Machine learning algorithms are more and more used today, and there is an  ever increasing demand  of machine learning algorithms that scales over massives data sets.
This course focuses on the typical, fundamental aspects that need to be dealt with in the design of machine learning algorithms that can be executed in a distributed fashion, on Hadoop clusters, in order to deal with big data sets, by taking into account scalability and robustness. So the course will focus on a bunch of main-stream, sequential machine learning algorithms,  by taking into account the  following  crucial and complex aspects. The first one is the re-design of algorithms by relying on programming paradigms for distribution and parallelism based on map-reduce, to this end  Spark will be used. The second aspect is experimental analysis of the Spark implementation of designed algorithms  in order to test their scalability and precision. The third aspect  concerns the study and application of optimisation techniques in order to overcome lack of scalability and to improve execution time of designed algorithm.
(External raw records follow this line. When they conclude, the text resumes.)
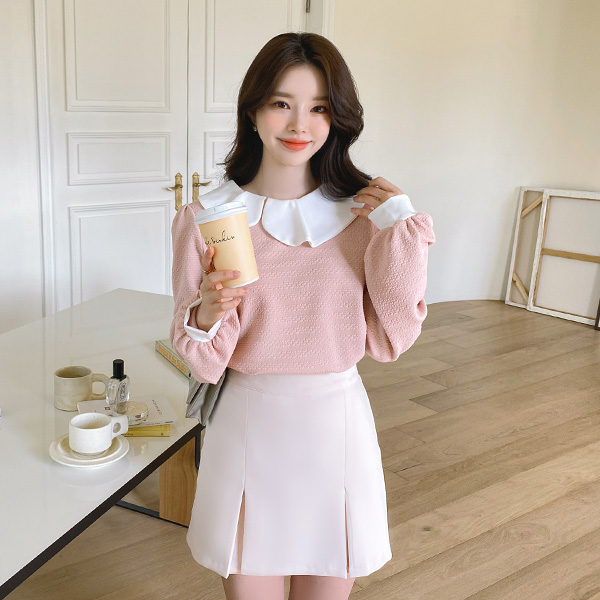 bs5873 단아한듯 러블리한 무드의 꽃잎을 연상시키는 라운드 언발 카라 배색 디자인 블라우스 blouse
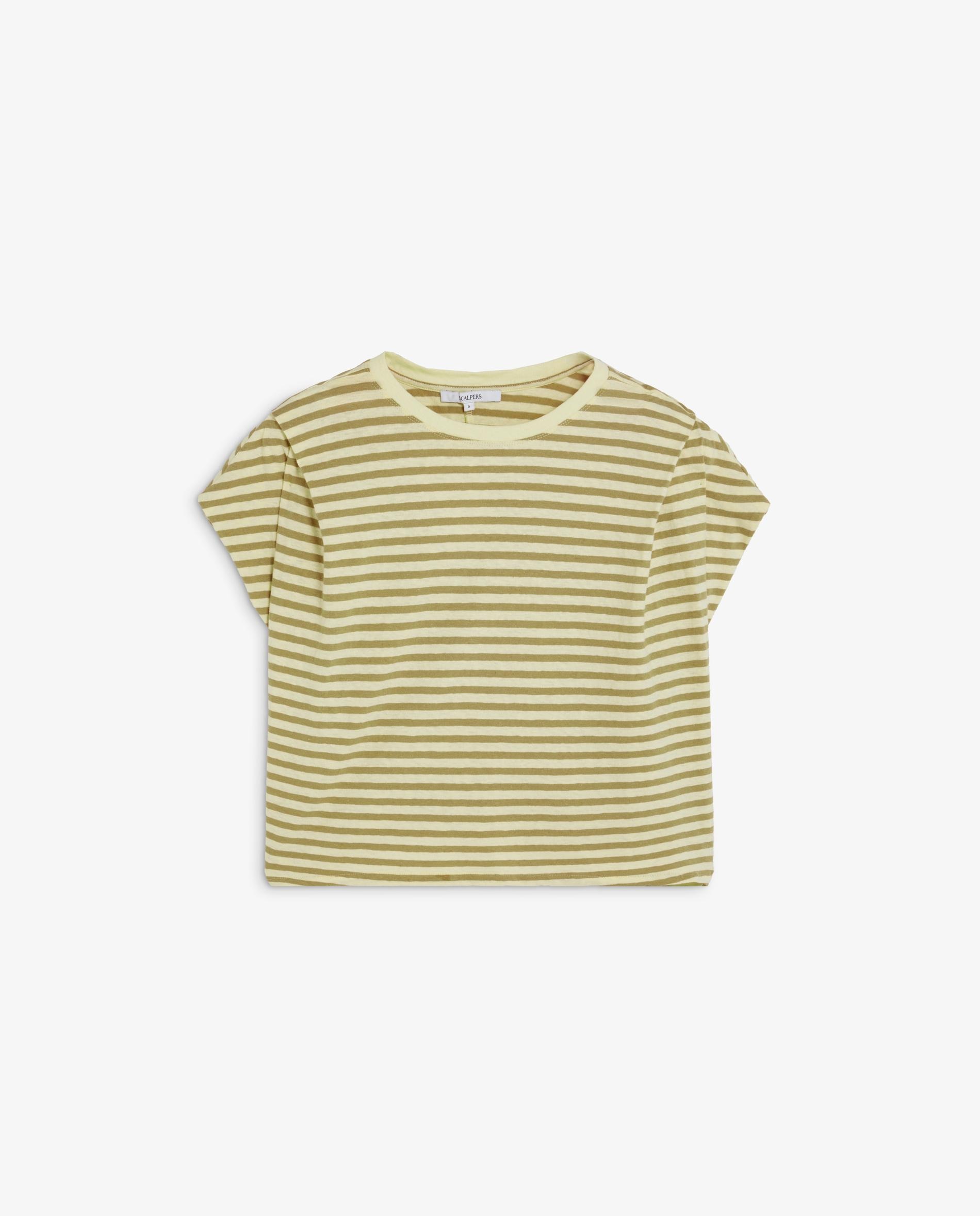 T-shirt Às Riscas com Pregas nos Ombros Lima-4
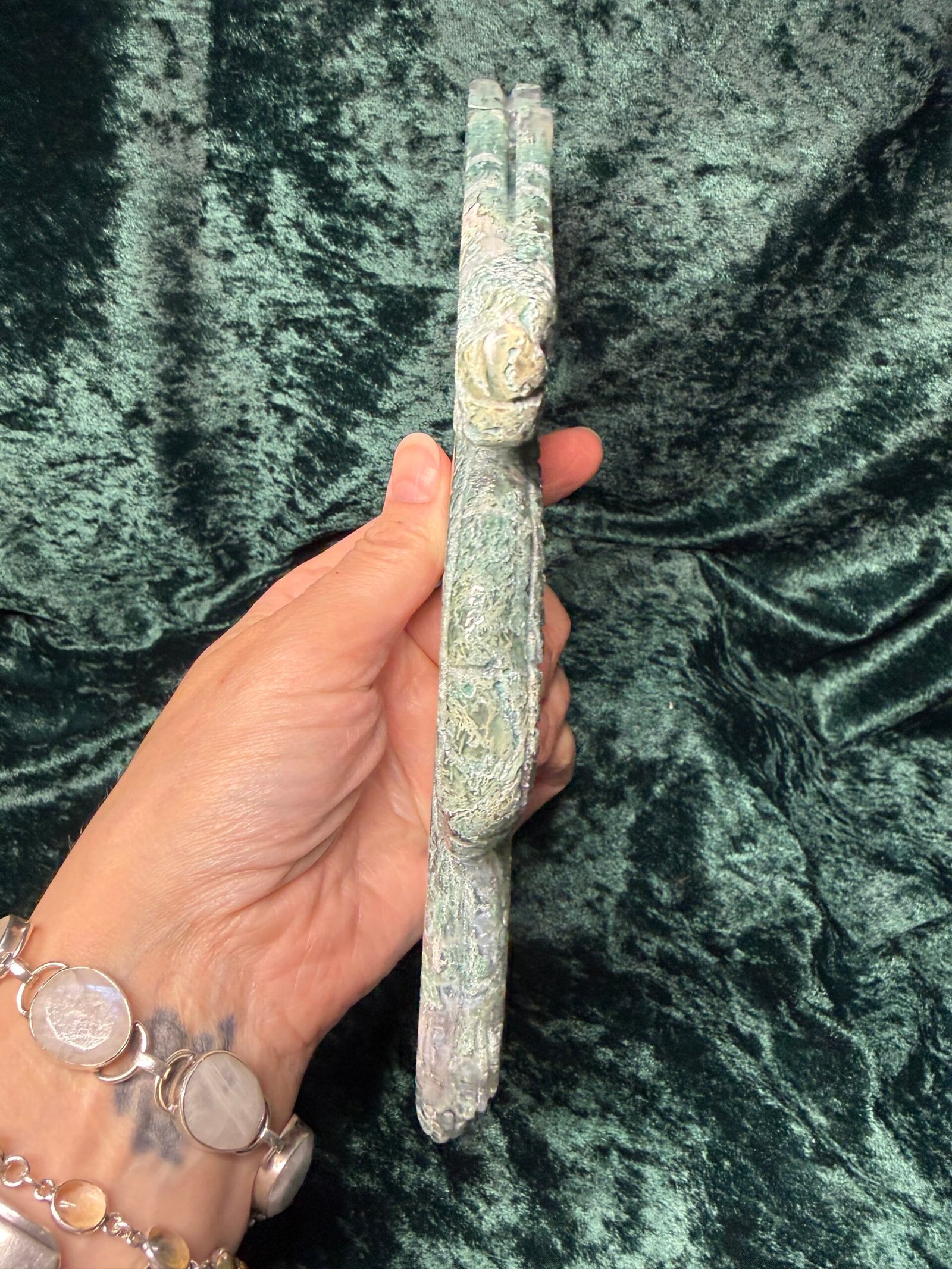 Moss Agate Dragon on Custom Stand - Image 7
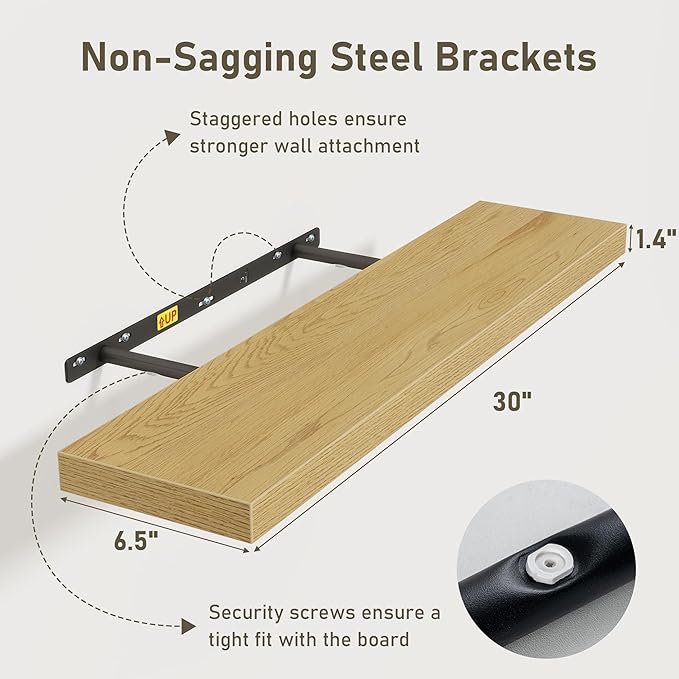 Floating Shelves Wall Shelf 30 Inch Long, Rustic Wood Bathroom Shelves 30 Inch, Farmhouse Home Decor Kitchen Living Room Bedroom Shelves Wall Mounted, 30 x 6.7 x 1.4 Inch, Set of 3, Oak Color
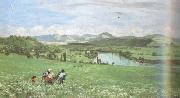 Hans Thoma The Rhine Near Sackingen (nn02) china oil painting reproduction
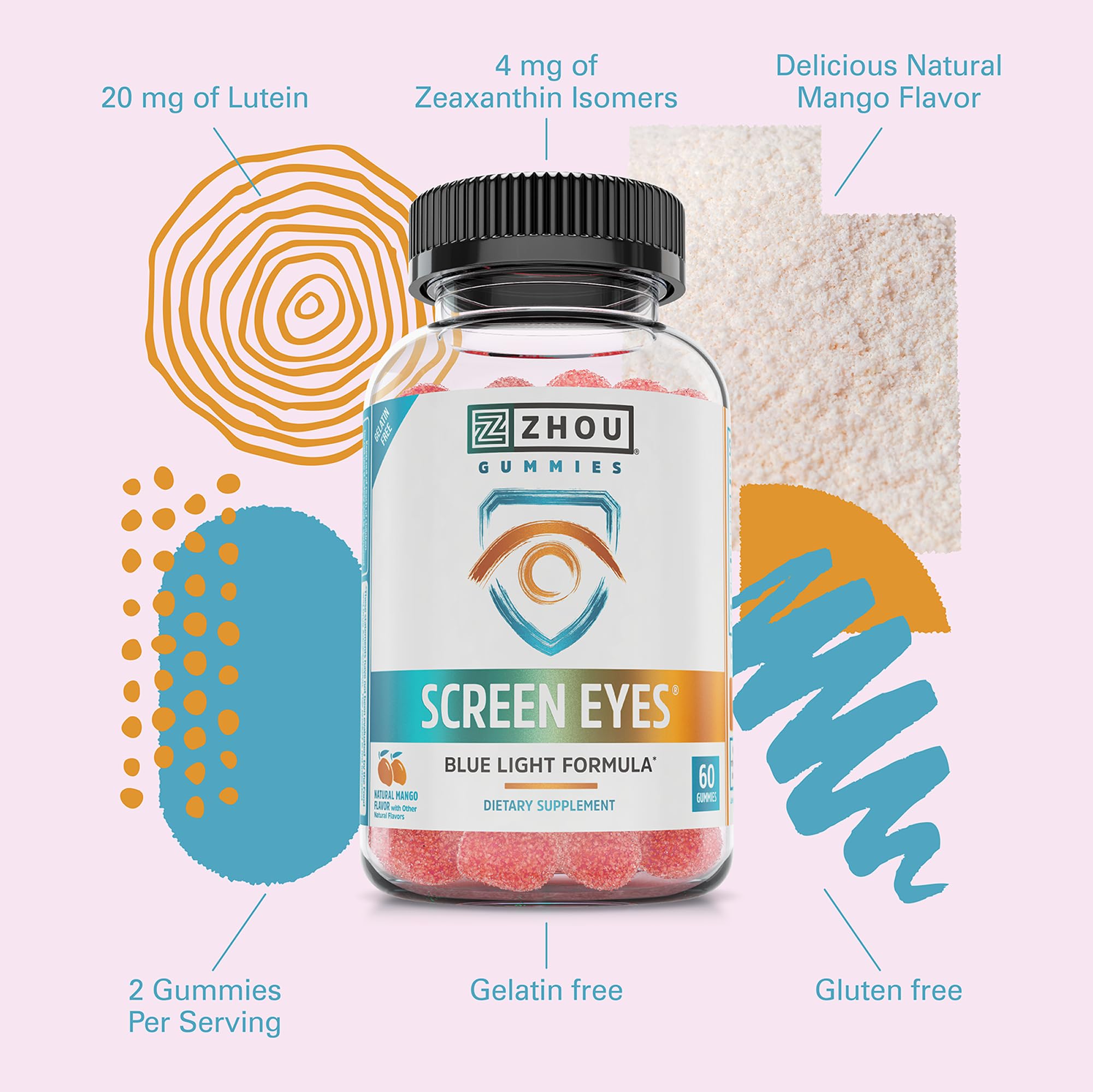 Zhou Screen Eyes Gummies - Lutein Gummies for Eye Health, Lutein and Zeaxanthin for Adults & Kids, Supports Eyesight, Blue Light Vision Health Formula - 60 Count ZHOU uk supplements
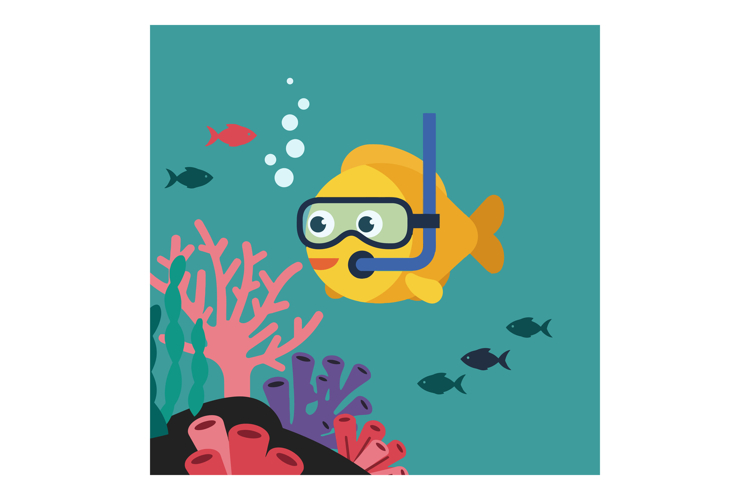 Happy cartoon fish wearing snorkel swimming among colorful c
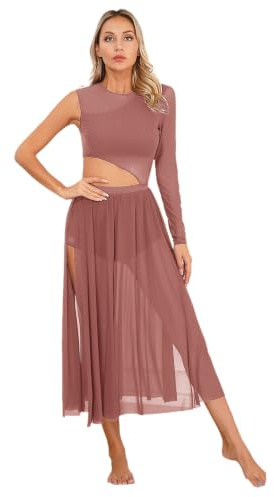 inhzoy Abito da Ballo Lirico Contemporaneo Donna Vestito da Pattinaggio Artistico con Spacco Laterale Body da Ginnastica Danza Classica Moderna a Rete Trasparente Performance Marrone S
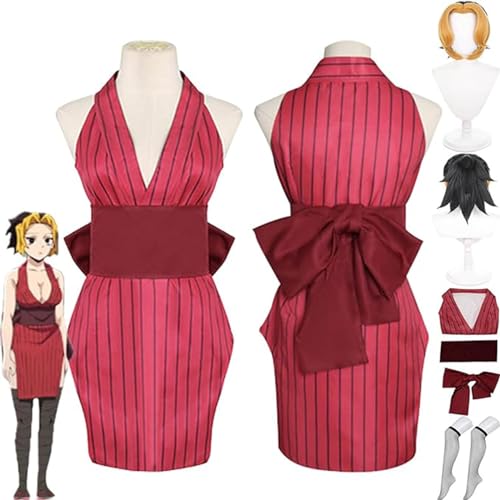 AAmron Komplettes Set Anime Character Makiwo Cosplay-Kostüm für Dämonentöter, Kimono-Umhang und Perücken-Set für Halloween-Party,A-3XL von AAmron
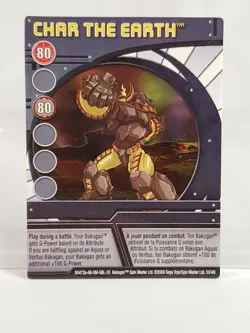 Bakugan Battle Brawlers Ability Card Blue Char the Earth 33/48i 2008 - Image 1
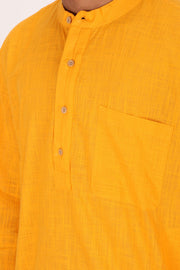 Yellow Full Sleeve Slub Cotton Solid Style Men's Kurta 10074248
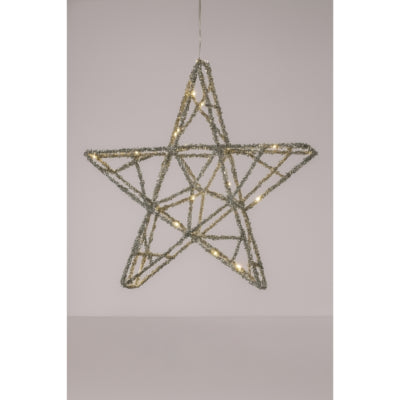 Kerstster led op batterij zilverkleurig 40 cm | 6 stuks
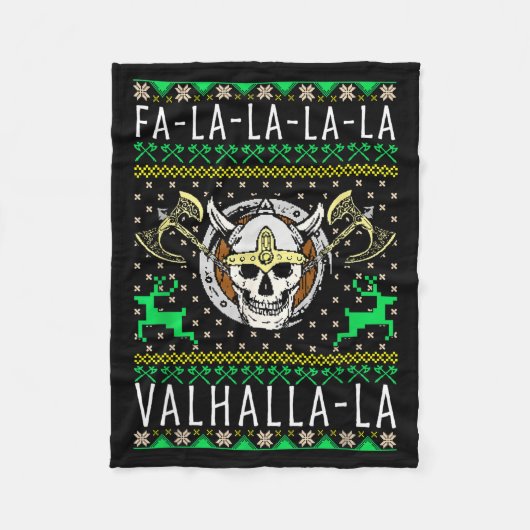 Fa-la-la-la Valhalla-la Viking God Lelijk Kerstfee Fleece Deken (Voorkant)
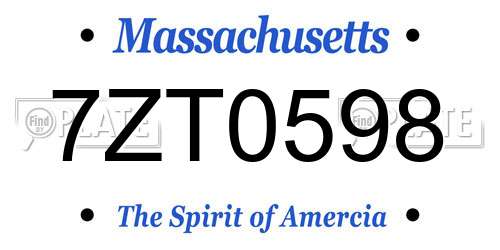 7ZT0598 Massachusetts License Plate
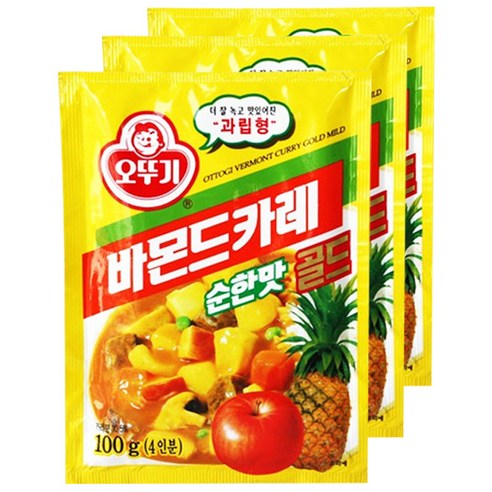 오뚜기 바몬드 카레 과립형 골드 순한맛, 100g, 3개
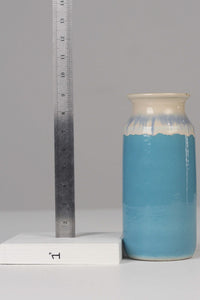 Set of 2 White & Blue glazed ceramic pots / vases 09" - GS Productions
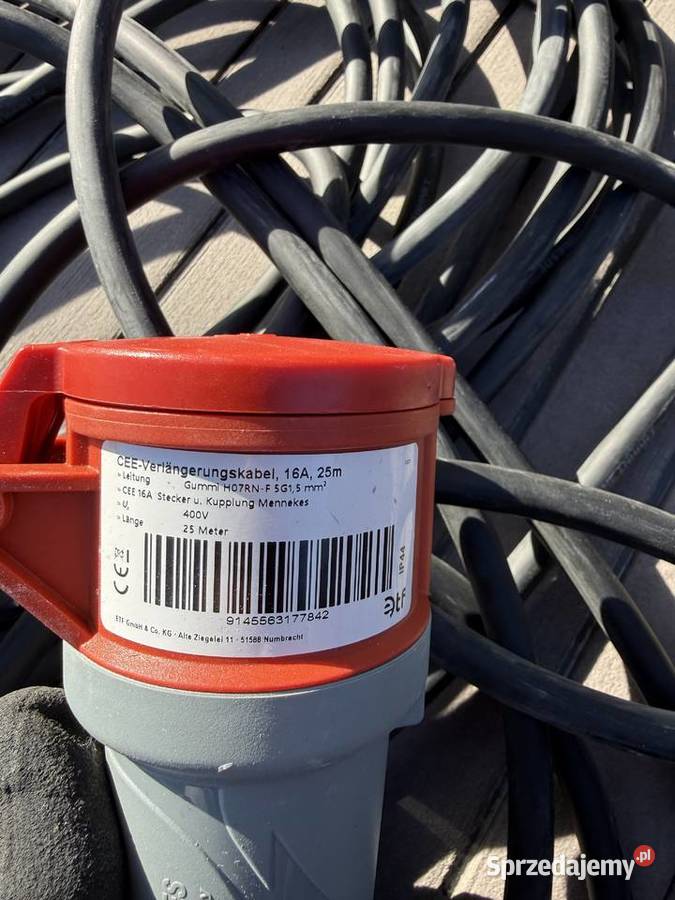 Kabel przedłużający IP44 25m czarny H07RNF 5G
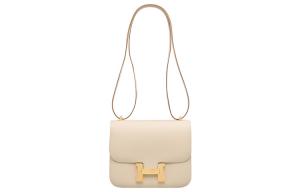 HERMES Сумка через плечо Constance Epsom Leather, мини кроссбоди женская 10 Craie Milkshake White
The attention will be on machine learning technique for dimension reduction, clustering and classification, whose underlying  implementation  techniques are transversal  and find application in a wide range of machine learning algorithms.  For some of the studied algorithms, the course will present techniques for a from-scratch implementation in Spark core, while for other algorithms  Spark ML will be used and end-to-end pipelines will be designed. In both cases algorithms will be analysed and optimised on real life data sets, by relaying on a local Hadoop cluster, as well as on a cluster on the Amazon WS cloud.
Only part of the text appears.